Another point is that the expertise required to optimize spans a lot of disciplines. If you take the massively parallel approach, you have a physicist who not only has to understand the problem very well but also has to understand the topology of the machine that the problem is being mapped to. In the case of classical parallel processing, you have to teach a practicing scientist or engineer what it means to deal with operating-systems-type asynchronous issues and all of the problems those issues cause. We have not done a lot in terms of the Fortran development or standards development to alleviate those problems. On top of that, you get nonreproducible results. If you give a programmer asynchronous behavior in a problem, then you have to provide the tools to help with that.
I think that although we talk about parallel processing, we are actually working it in traditional fashion, somewhat against the user's interest in the sense that we are placing additional algorithmic constraints on the user's ability to get the work done. We have not provided standard languages and systems to the point where you can implement something and move it across systems. A whole different set of disciplines is required in terms of understanding and mapping a problem. In that, I think we are creating a full-employment role for system programmers, although I suspect that is against our interest as a country. We need to basically deliver tools to get the job done for the end user who is being productive and the end user who is not a programmer.
In 1976, Seymour Cray said that one of the problems with being a pioneer is that you always make mistakes. In view of that remark, I never, never want to be a pioneer; it is always best to come second, when you can look at the mistakes the pioneers made. Put another way, the fast drives out the slow, even if the fast is wrong, which kind of goes with the
idea that good software is never noticed. As a software developer, I would not like to be in a position of saying that our software will never be noticed.
Lagging I/O is certainly a focus at SSI because as the machines change balances, you add compute power and memory power and do not necessarily deal with the I/O problem. You end up again bending the user's view of the machine and bending the user's ability to get an application to run.

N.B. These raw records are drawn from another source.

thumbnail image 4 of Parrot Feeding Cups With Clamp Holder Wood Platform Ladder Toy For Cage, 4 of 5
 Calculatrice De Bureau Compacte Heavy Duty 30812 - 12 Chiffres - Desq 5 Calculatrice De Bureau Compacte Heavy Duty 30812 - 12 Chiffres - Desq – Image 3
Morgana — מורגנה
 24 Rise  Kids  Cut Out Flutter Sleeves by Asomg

I think Los Alamos National Laboratory is to be commended for Don Tolmie's efforts in the arena of high-performance parallel interface (HIPPI). I think because of the 200-megabyte HIPPI, there is some chance that we will be able to bring I/O back into balance in the next generation of machines.
We can start looking at data-parallel applications and start talking about what it means to really deliver 1012 floating-point operations per second (TFLOPS), or even hundreds of TFLOPS. And having done so, we will realize what it means when memory is the processor. The challenge of the future architectures is less about the processor as an entity unto itself with some memory access and more about the memory actually being a processor.
My bottom line is that the massively parallel work that is going on—in which people actually look at algorithms in terms of data-parallel applications and look at vector machines and multiple-processor vector machines—does us nothing but good in the traditional world. The memory-as-processor is probably what will develop in the next five years as the real solution to get a TFLOPS at a reasonable rate, perhaps bypassing the people that have focused on the floating-point, 32- or 64-bit domain.